All the entries need to be duplicated exactly, with the pictures omitted.

BEGIN Material supplied

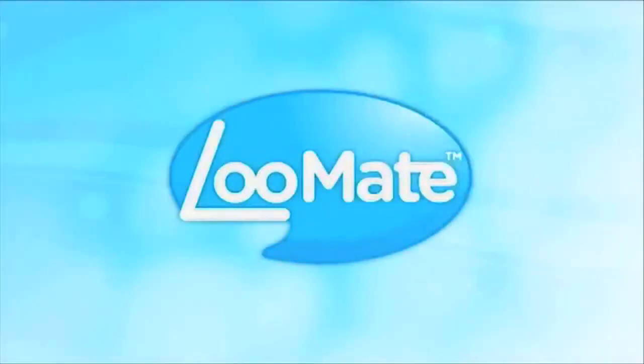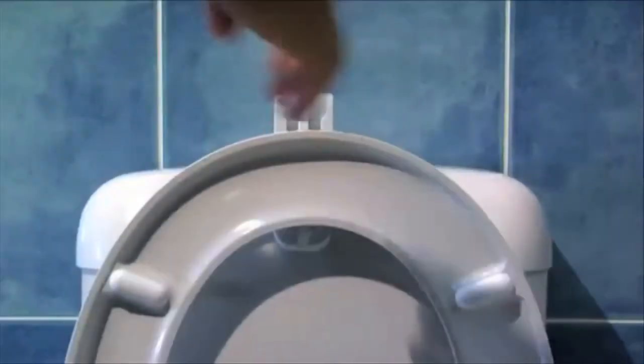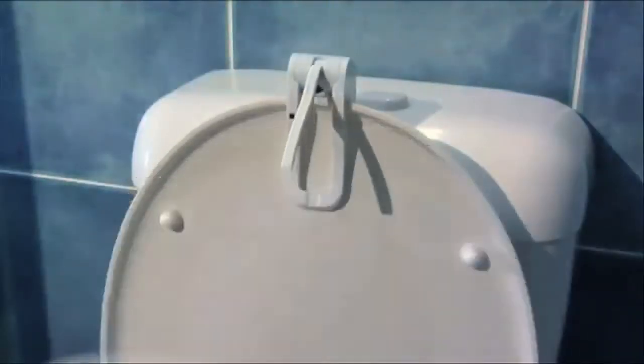Never worry about that toilet seat being left up again. Introducing Loomate. Just pass your hand over it as you flush the toilet and Loomate does the rest. Loomate's 2 minute automatic back up timer will work even if a hand motion isn't detected.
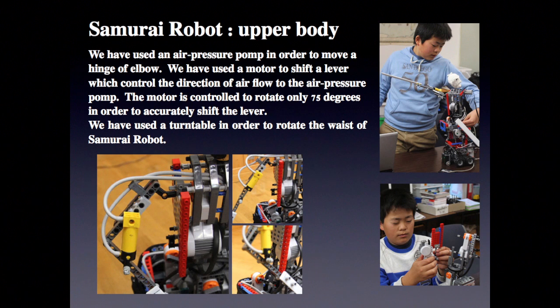The motor is controlled to rotate to only 75 degrees in order to accurately shift the lever. We have used a turntable in order to rotate the waist of the samurai robot.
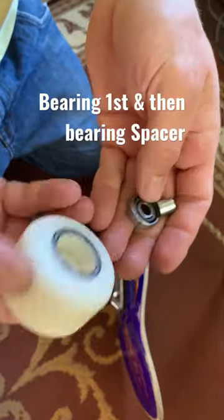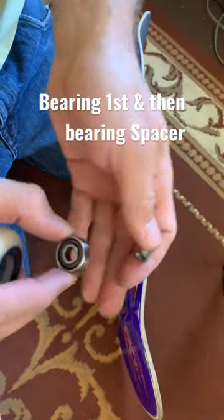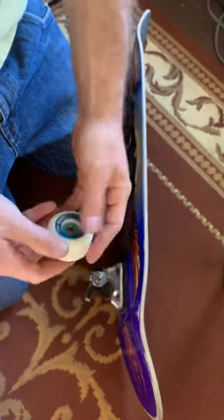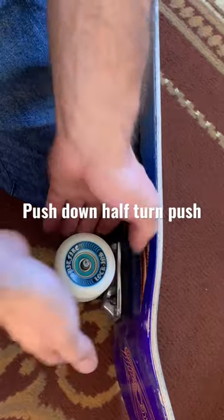Now take the other bearing and the bearing spacer and put the bearing down, color side down first. And then put the bearing spacer on top of the bearing. And then put the wheel on top of that and then push down and do a half turn. Push down again.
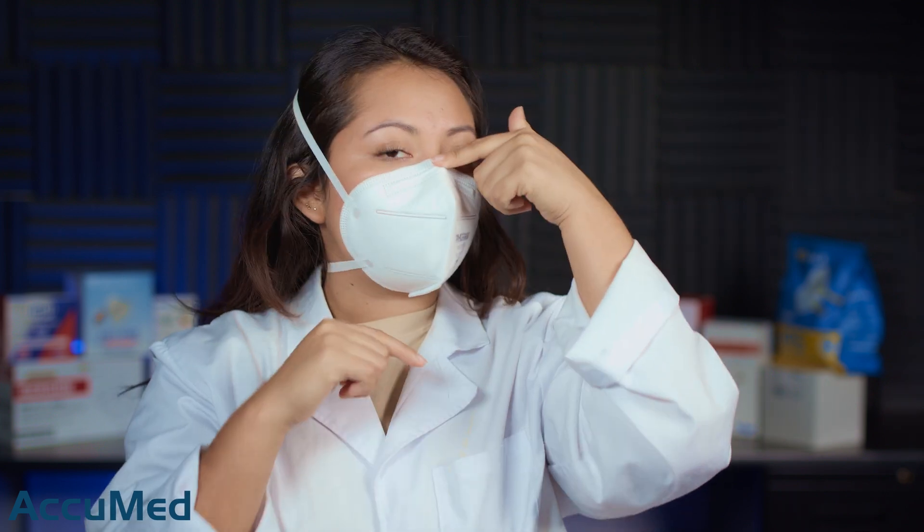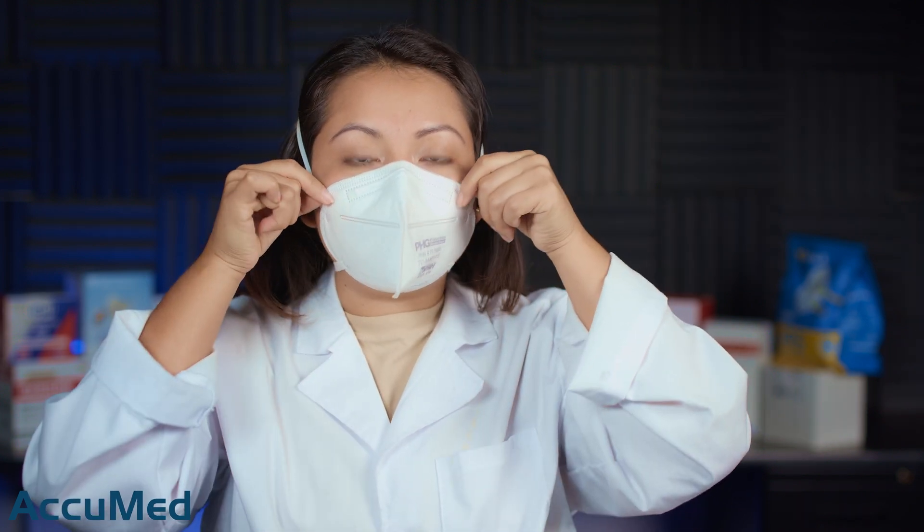I am getting a nice fit out of these respirators. I do feel like it's covering from nose to chin. The seal is very well all over the face, but like I said the nose wire is a little flimsy so it's losing its shape really quickly.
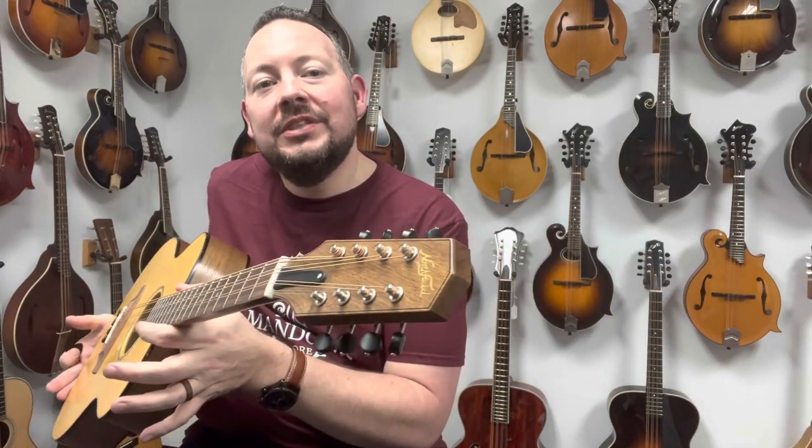Hey, welcome back to the Mandolin Store. My name is Adam McIntosh and we've got yet another one I want to be able to check out. Let's take a listen.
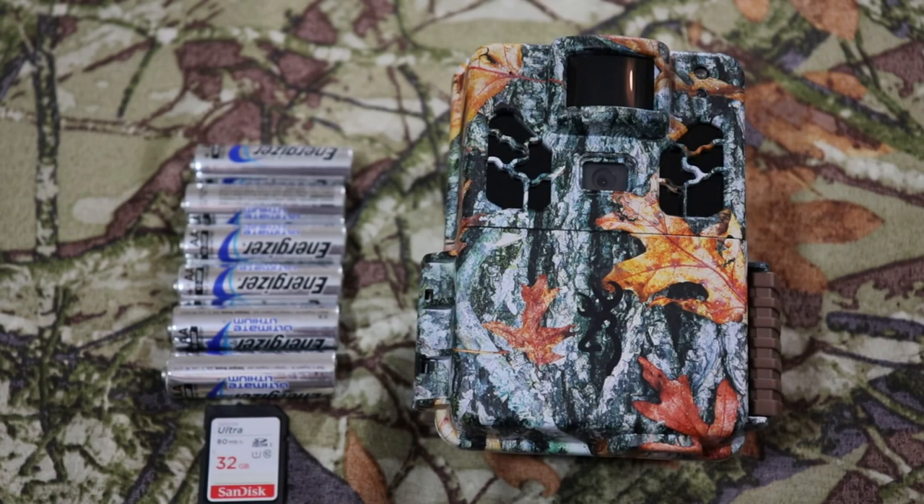Hello, this is Christian with OutdoorGameCameras.com and today we're doing a quick setup on this new 2019 Browning Dark Ops HD Pro X.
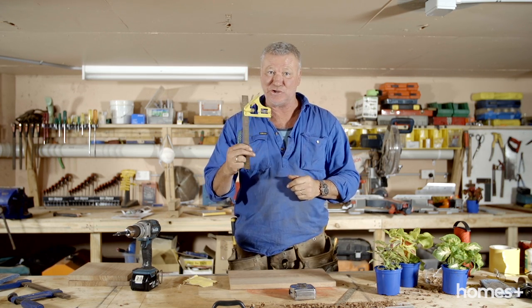I'm going to be cutting this on the drop saw — it's nice and easy. But if you haven't got a drop saw, you can use a circular saw or, of course, a hand saw. If you are using a hand saw, make sure you use a square and get a nice square line.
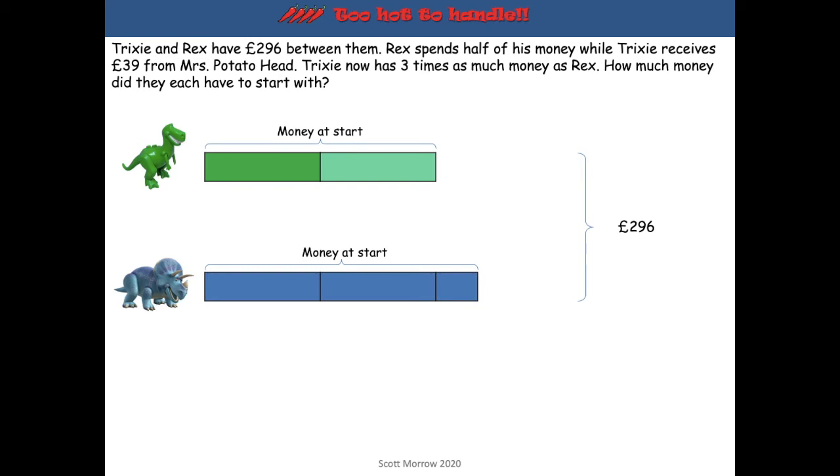So what could we do to make those parts the same? If we add back the £39 that Mrs Potato Head gave to Trixie, we get a total of £335 altogether — the £296 plus the £39. We know that £39 was part of that third part for Trixie. With equal parts, we can take that £335 and share it out between the five parts — the two parts Rex has and the three parts Trixie has. That gives us £67 in each part.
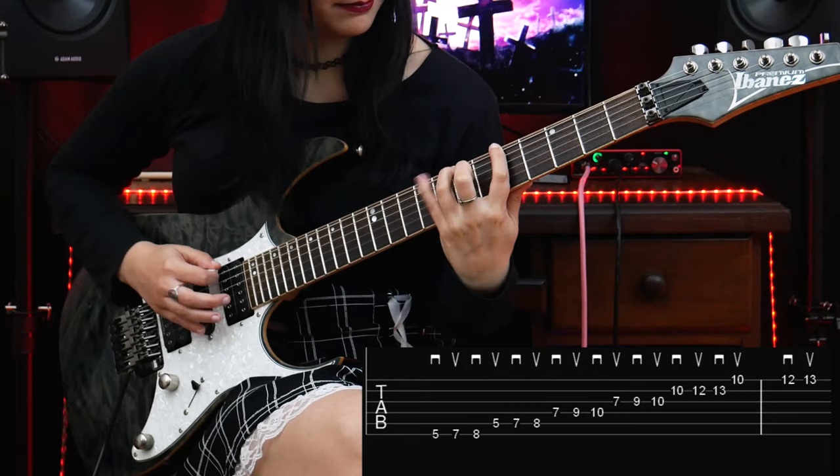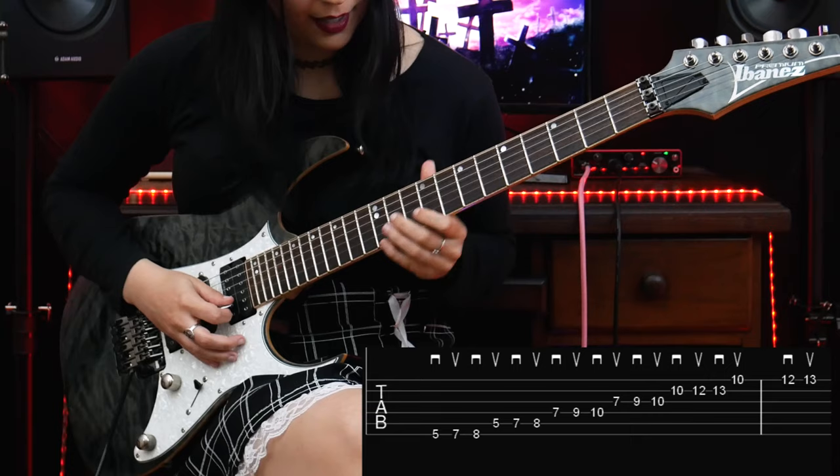Play the minor scale only on the top two strings in the key of A minor. Then on the octave, play the same. And the same on the next octave.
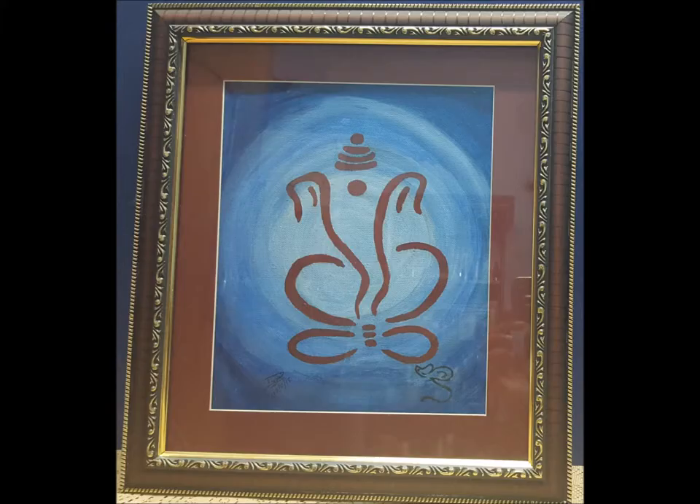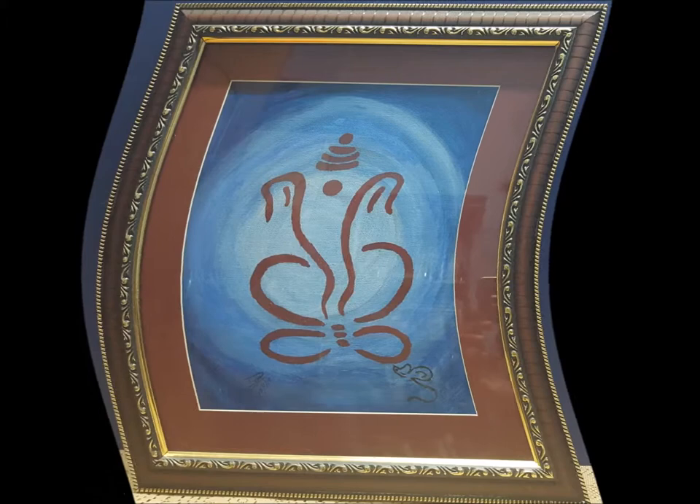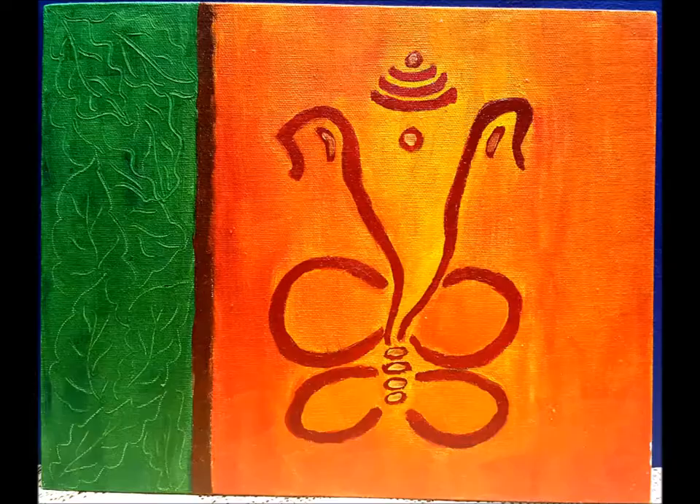Hello, this is Divya. I am presenting you some of my paintings through Akriti Arts collection. The first painting is of Lord Ganesha and his Moshak. This painting is painted on a canvas of 10 by 8 inch using a combination of acrylic and oil paints.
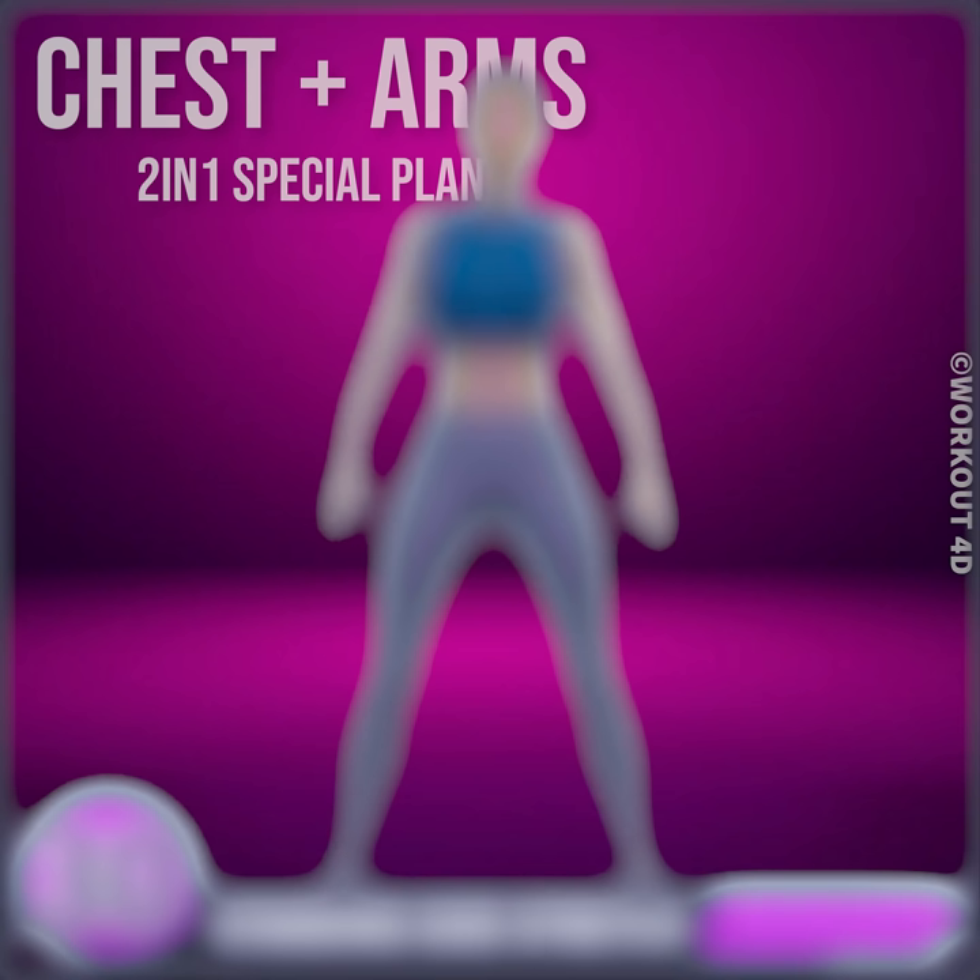Amazing job! Congratulations! You have completed today's workout. See you tomorrow!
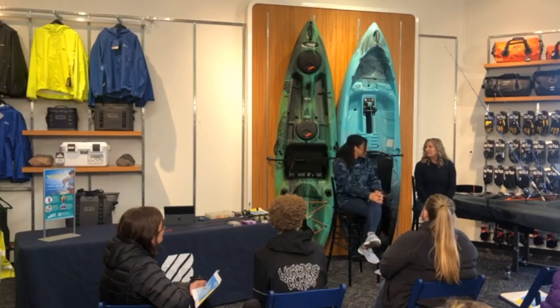Bass fishermen like to overcomplicate things, but we're going to simplify it today. I'm going to talk about two techniques for crappie fishing and how to get started with spring crappie fishing.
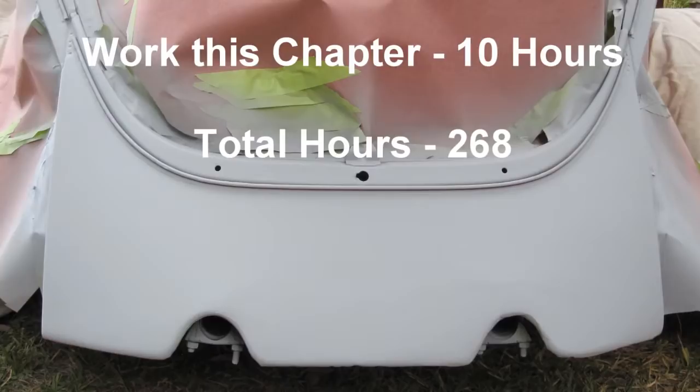Work on this chapter: 10 hours. Hours to date: 268. Stay tuned for progress report.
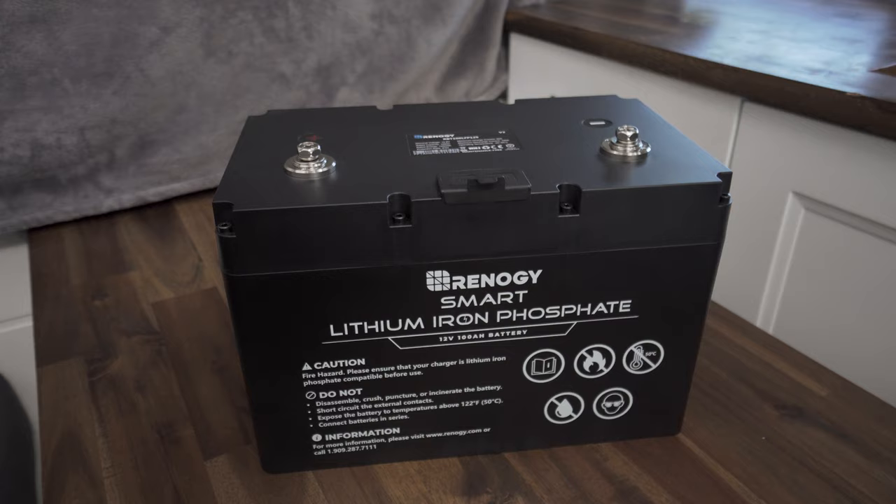If you guys have any questions regarding any of the Renogy products I've installed or the lithium ion batteries, please feel free to comment below. I'll do my best to answer as quickly as possible. Let me know in the comments what battery you're considering buying — whether it's Renogy, Canbat, Battleborn, or Dakota — there's a ton of batteries out there. If you liked this video, give it a like, subscribe to the channel, and hit that notification bell so you'll be notified when we post a new video. Thanks so much for watching and I'll see you in the next one!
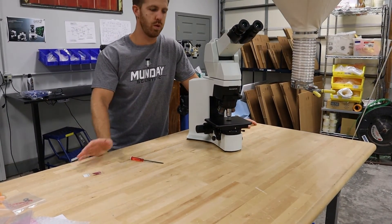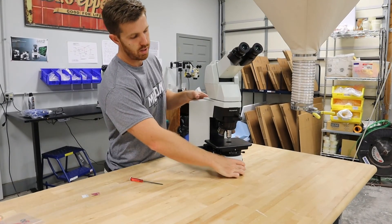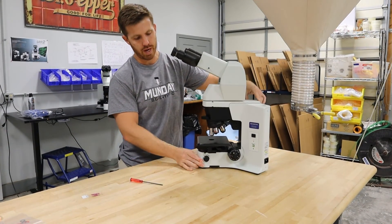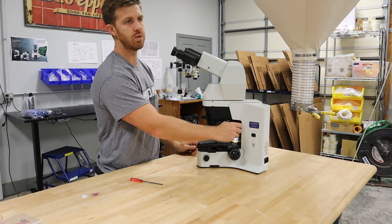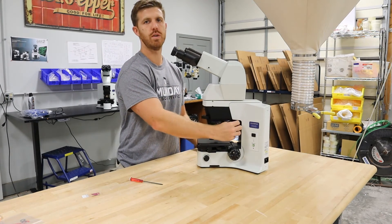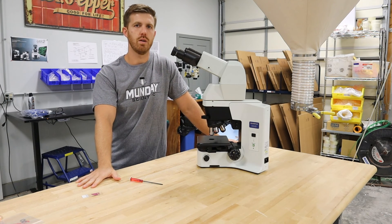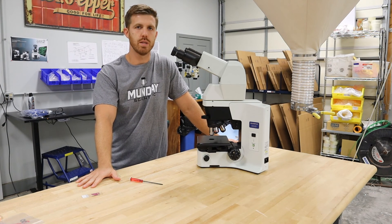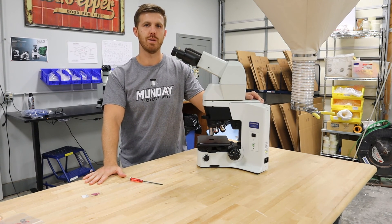It's exactly the same as the BX-41. You just have to get those centering keys out. Once you set it, it really won't go out of Kohler because there's no way to change it. Then screw your keys back in and the microscope is ready to use. If you have any questions, give us a call at Monday Scientific, and you can visit us at mondaymicroscope.com or microscopemarketplace.com — that's our online marketplace with all of our microscopes and microscope accessories. Thanks so much.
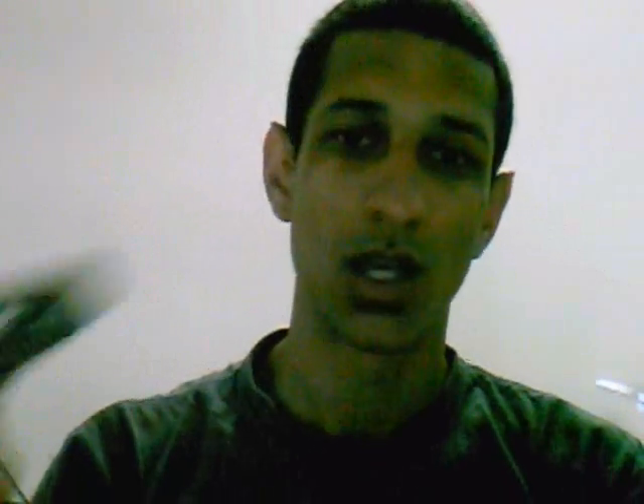What you basically need is your cable, your RJ45 boot, your Cat5e connector, a wire stripper, a cutters, and then also you're going to need a crimp tool.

END Material supplied

**Written reply:**
Never worry about that toilet seat being left up again. Introducing Loomate. Just pass your hand over it as you flush the toilet and Loomate does the rest. Loomate's 2 minute automatic back up timer will work even if a hand motion isn't detected.
The motor is controlled to rotate to only 75 degrees in order to accurately shift the lever. We have used a turntable in order to rotate the waist of the samurai robot.
Now take the other bearing and the bearing spacer and put the bearing down, color side down first. And then put the bearing spacer on top of the bearing. And then put the wheel on top of that and then push down and do a half turn. Push down again.
I am getting a nice fit out of these respirators. I do feel like it's covering from nose to chin. The seal is very well all over the face, but like I said the nose wire is a little flimsy so it's losing its shape really quickly.
Hey, welcome back to the Mandolin Store. My name is Adam McIntosh and we've got yet another one I want to be able to check out. Let's take a listen.
Hello, this is Christian with OutdoorGameCameras.com and today we're doing a quick setup on this new 2019 Browning Dark Ops HD Pro X.
I'm going to be cutting this on the drop saw — it's nice and easy. But if you haven't got a drop saw, you can use a circular saw or, of course, a hand saw. If you are using a hand saw, make sure you use a square and get a nice square line.
So what could we do to make those parts the same? If we add back the £39 that Mrs Potato Head gave to Trixie, we get a total of £335 altogether — the £296 plus the £39. We know that £39 was part of that third part for Trixie. With equal parts, we can take that £335 and share it out between the five parts — the two parts Rex has and the three parts Trixie has. That gives us £67 in each part.
Play the minor scale only on the top two strings in the key of A minor. Then on the octave, play the same. And the same on the next octave.
Hello, this is Divya. I am presenting you some of my paintings through Akriti Arts collection. The first painting is of Lord Ganesha and his Moshak. This painting is painted on a canvas of 10 by 8 inch using a combination of acrylic and oil paints.
Amazing job! Congratulations! You have completed today's workout. See you tomorrow!
Bass fishermen like to overcomplicate things, but we're going to simplify it today. I'm going to talk about two techniques for crappie fishing and how to get started with spring crappie fishing.
Work on this chapter: 10 hours. Hours to date: 268. Stay tuned for progress report.
If you guys have any questions regarding any of the Renogy products I've installed or the lithium ion batteries, please feel free to comment below. I'll do my best to answer as quickly as possible. Let me know in the comments what battery you're considering buying — whether it's Renogy, Canbat, Battleborn, or Dakota — there's a ton of batteries out there. If you liked this video, give it a like, subscribe to the channel, and hit that notification bell so you'll be notified when we post a new video. Thanks so much for watching and I'll see you in the next one!
It's exactly the same as the BX-41. You just have to get those centering keys out. Once you set it, it really won't go out of Kohler because there's no way to change it. Then screw your keys back in and the microscope is ready to use. If you have any questions, give us a call at Monday Scientific, and you can visit us at mondaymicroscope.com or microscopemarketplace.com — that's our online marketplace with all of our microscopes and microscope accessories. Thanks so much.
What you basically need is your cable, your RJ45 boot, your Cat5e connector, a wire stripper, a cutters, and then also you're going to need a crimp tool.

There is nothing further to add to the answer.